### Entries provided

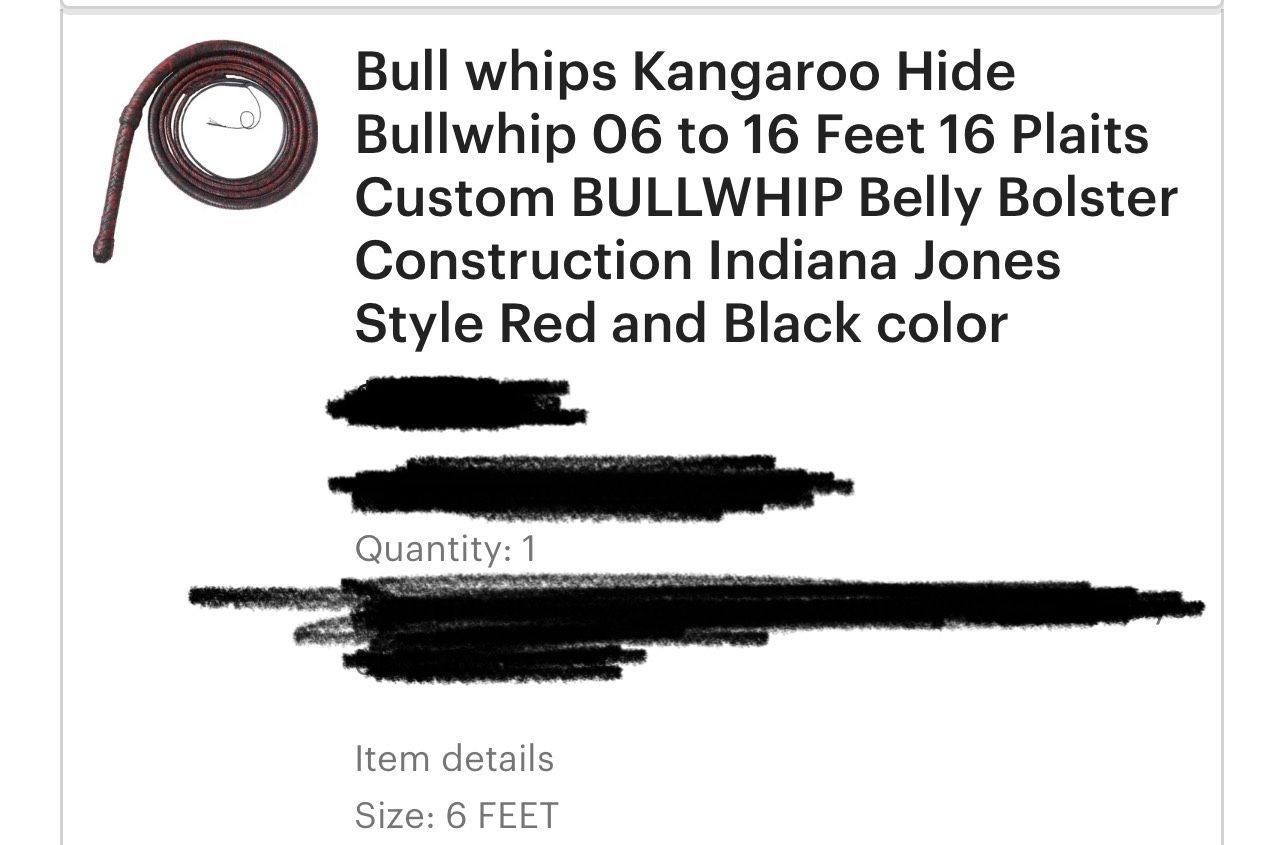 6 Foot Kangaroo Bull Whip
* * *
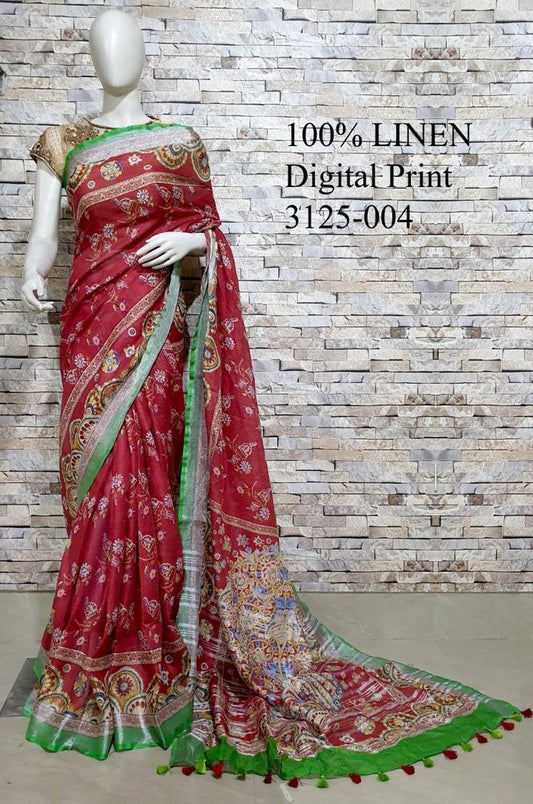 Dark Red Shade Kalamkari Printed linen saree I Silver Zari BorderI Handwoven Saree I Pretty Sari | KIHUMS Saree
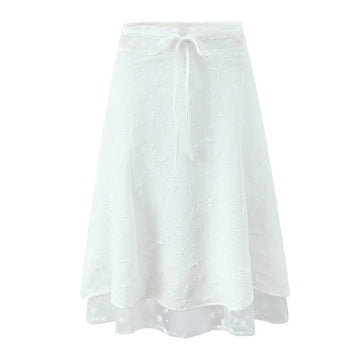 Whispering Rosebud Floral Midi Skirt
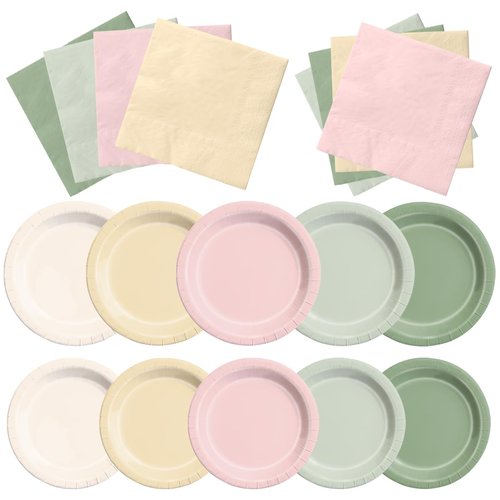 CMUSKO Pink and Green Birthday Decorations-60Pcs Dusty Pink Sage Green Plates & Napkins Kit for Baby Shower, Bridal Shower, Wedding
...
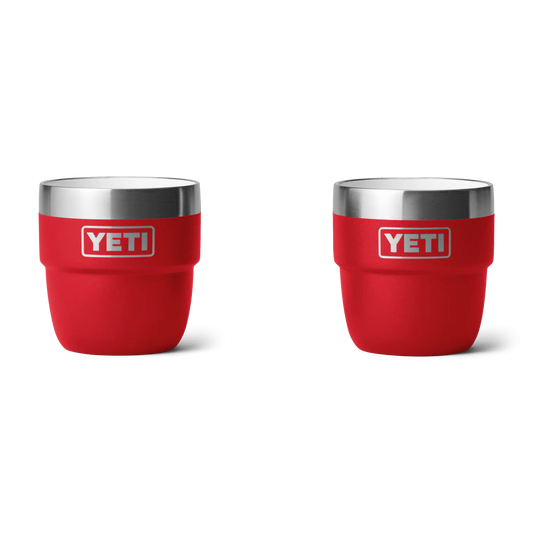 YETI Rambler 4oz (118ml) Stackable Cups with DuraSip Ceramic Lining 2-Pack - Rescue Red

### The task
Leave the pictures out. Output, exactly, the lines of the material above starting at the line containing "Dark Red Shade" and ending at the line containing "CMUSKO Pink and".

### Result of this exercise
 Dark Red Shade Kalamkari Printed linen saree I Silver Zari BorderI Handwoven Saree I Pretty Sari | KIHUMS Saree
 Whispering Rosebud Floral Midi Skirt
 CMUSKO Pink and Green Birthday Decorations-60Pcs Dusty Pink Sage Green Plates & Napkins Kit for Baby Shower, Bridal Shower, Wedding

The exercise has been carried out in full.